Insurance Policy’s Unambiguous Definition of “Insured” Interpreted Under Plain and Ordinary Meaning of Policy Terms
In Hacker v. Shelter Ins., Hacker rented an apartment from Burk. Hacker’s mother fell on a stairway at the apartment building and suffered injuries as a result of Hacker’s negligence. Shelter Insurance furnished Burk with an Apartment Owners/Rental Dwelling Insurance Policy, naming Burk as the only policyholder. Burk’s mother sued Burk and Burk filed a third-party complaint against Hacker. Hacker maintained she was a co-insured under Burk’s policy and tendered her defense to Shelter Insurance. Shelter Insurance declined to defend Hacker.
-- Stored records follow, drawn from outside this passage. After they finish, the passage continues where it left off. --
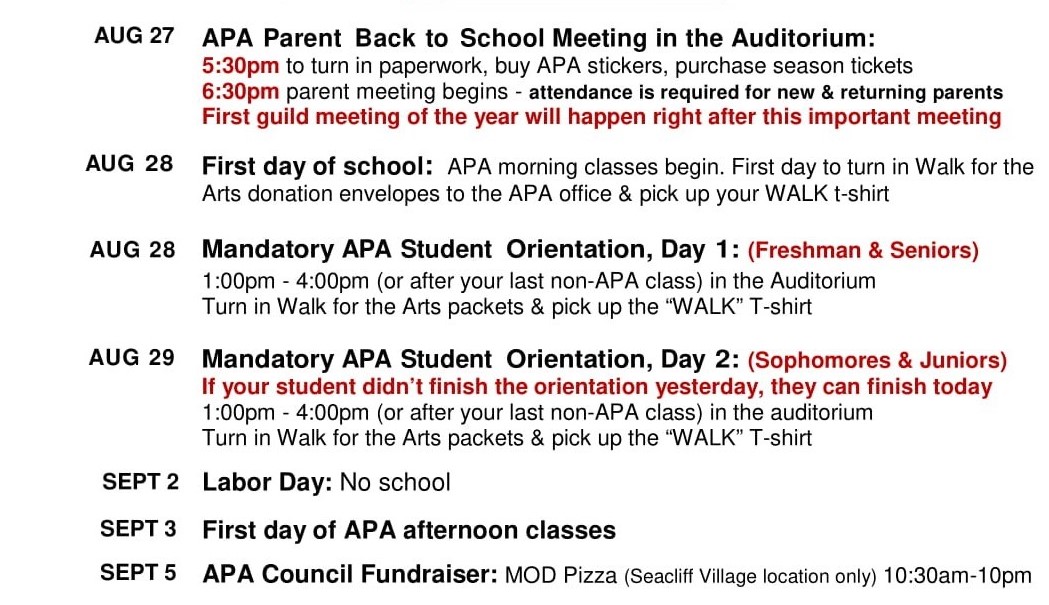 APA Parent Back to School Meeting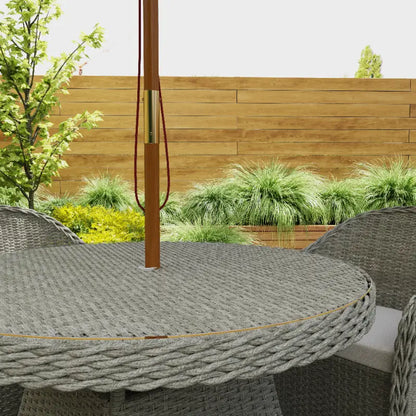 Outsunny 4 Seater Rattan Garden Furniture Set with Cushions, Round PE Rattan Dining Set with Glass-Top Table, Umbrella Hole, Outdoor Garden Table and Chairs, Grey
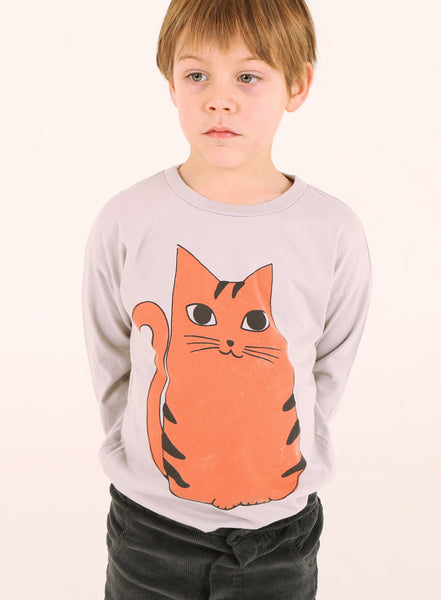Long Sleeve T-Shirt Red Cat – grey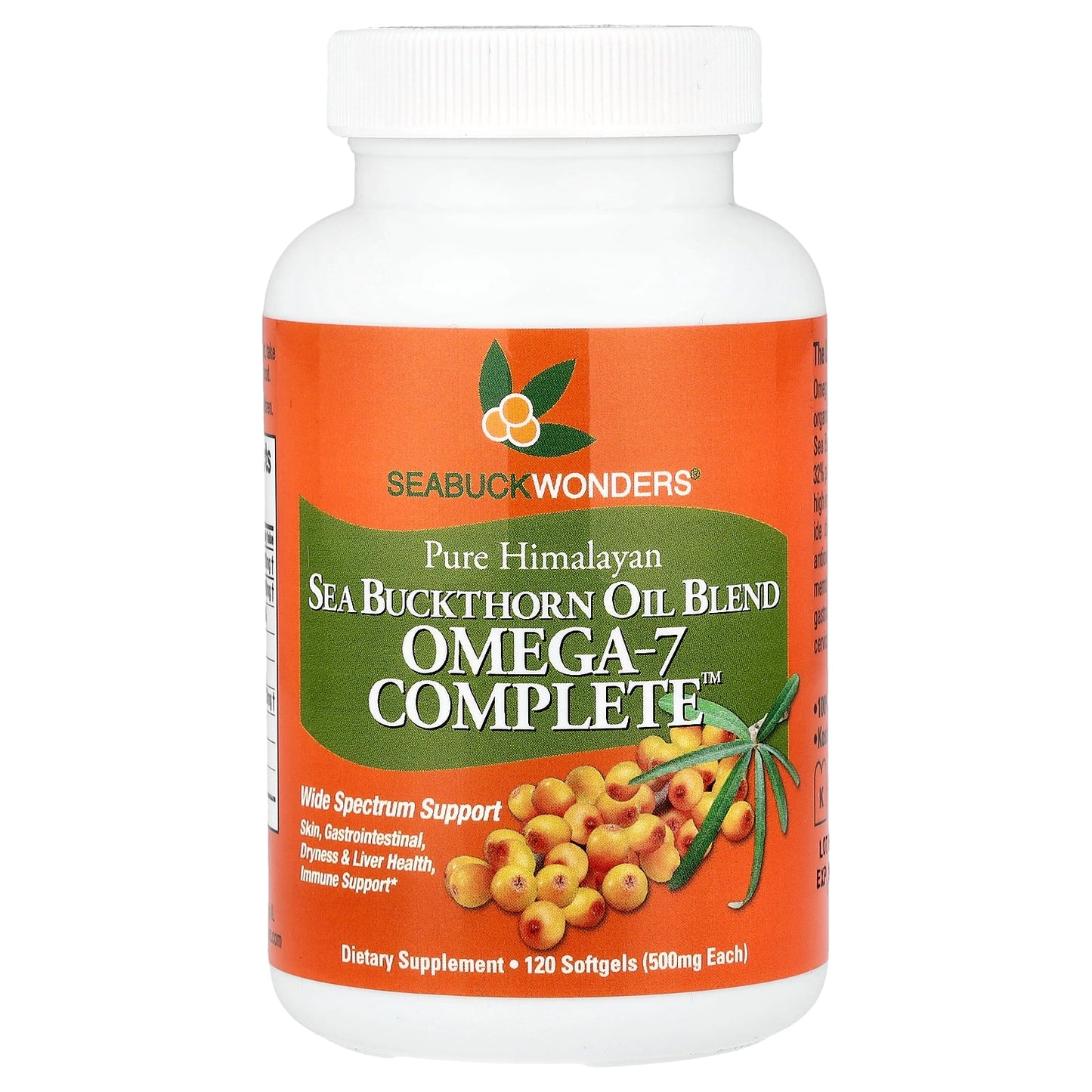 SeaBuckWonders, Pure Himalayan Sea Buckthorn Oil Blend, Omega-7 Complete™, 120 Softgels (500 mg per Softgel) - Image 1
The policy defined the term “insured” as the person named on the policy’s declarations page, and also covered the insured’s spouse, any person acting as a real estate manager for the insured, and an employee of the insured acting within the scope of his duties. Hacker maintained that she was an additional insured under Burk’s policy. Shelter Insurance denied that Hacker was an insured under the liability policy since she was not a named insured and did not otherwise qualify as an insured as that term was defined in the policy.
The court found that the policy did not include Burk’s tenants within the definition of “insured.” Accordingly, the court in Hacker v. Shelter Ins. held that there was no ambiguity with respect to Hacker’s coverage under the policy and that she was not an insured under the plain and ordinary meaning of the terms of the policy.
Hacker v. Shelter Ins. Co., 388 Ill.App.3d 386, 902 N.E.2d 188 (Ill.App. 5 Dist., 2009).